2.9.2. THI (Mandarin version)
In 25-item THI-M, 3 response options were provided to the subjects (yes, 4 points; sometimes, 2 points; no, 0 points) that were related to the functional, emotional, and catastrophic impacts of tinnitus. The overall THI-M score was computed by calculating the sum of the scores from the 25 items, ranging from 0 to 100.
2.10. Statistical analysis
The data were stored and analyzed using Excel 2010 (Microsoft, Redmond, WA), IBM SPSS 24 and SPSS AMOS 25 (IBM, Armonk, NY). The factor structure of TPFQ-M was evaluated using Exploratory Factor Analysis (EFA) and Confirmatory Factor Analysis (CFA), convergent validity was assessed by Spearman's correlation due to the skewed distribution of the data, and the internal consistency reliability of the TPFQ-M was reviewed using Cronbach alpha and test-retest reliability with intraclass correlation coefficient (ICC).[41] Two rounds of enrollments were utilized. The subjects of the first round (subsample 1) were for EFA, whereas the second round of patients (subsample 2) was employed for CFA.

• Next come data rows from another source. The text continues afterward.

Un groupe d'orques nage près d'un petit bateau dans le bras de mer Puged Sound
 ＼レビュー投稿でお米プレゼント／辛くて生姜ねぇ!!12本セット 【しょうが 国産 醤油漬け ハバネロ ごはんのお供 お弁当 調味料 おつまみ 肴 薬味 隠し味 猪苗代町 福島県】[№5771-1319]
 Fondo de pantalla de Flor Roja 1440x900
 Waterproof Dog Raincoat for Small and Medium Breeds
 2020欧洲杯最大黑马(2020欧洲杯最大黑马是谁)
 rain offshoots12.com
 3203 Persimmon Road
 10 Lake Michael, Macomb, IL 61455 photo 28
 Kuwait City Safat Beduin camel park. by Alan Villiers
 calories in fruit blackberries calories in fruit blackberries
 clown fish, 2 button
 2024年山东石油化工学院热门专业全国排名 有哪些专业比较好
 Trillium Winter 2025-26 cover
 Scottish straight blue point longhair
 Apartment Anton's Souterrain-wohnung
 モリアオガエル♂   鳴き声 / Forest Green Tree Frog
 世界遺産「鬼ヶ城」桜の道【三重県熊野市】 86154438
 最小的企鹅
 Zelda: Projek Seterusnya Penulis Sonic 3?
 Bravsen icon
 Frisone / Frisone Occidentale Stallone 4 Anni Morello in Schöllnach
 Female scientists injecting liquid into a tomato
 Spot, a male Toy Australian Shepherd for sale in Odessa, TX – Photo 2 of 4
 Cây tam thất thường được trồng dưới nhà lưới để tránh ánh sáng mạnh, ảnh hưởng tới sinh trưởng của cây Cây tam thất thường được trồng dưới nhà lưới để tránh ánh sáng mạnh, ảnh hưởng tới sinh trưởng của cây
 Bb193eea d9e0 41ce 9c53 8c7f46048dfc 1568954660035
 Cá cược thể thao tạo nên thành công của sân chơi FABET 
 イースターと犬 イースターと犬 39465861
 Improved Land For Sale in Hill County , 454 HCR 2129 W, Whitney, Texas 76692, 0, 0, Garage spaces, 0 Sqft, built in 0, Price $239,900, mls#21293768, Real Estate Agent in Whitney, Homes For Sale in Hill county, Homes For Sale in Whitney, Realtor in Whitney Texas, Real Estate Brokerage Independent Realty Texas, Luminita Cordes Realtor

During EFA, we employed the screen test[42] for cross-validation. If the number of factors extracted from EFA and the screen test was contradictory, then EFA was run multiple times below and above the predicted number of factors. Principal axis factoring was selected as the extraction method because of its versatile applicability in normal or non-normal distributed data[43] compared to principal component analysis for data reduction, and varimax rotation was employed to gain simpler and easy-to-interpret results. A loading cut-off value of 0.32 was selected to display the rotation results.[44]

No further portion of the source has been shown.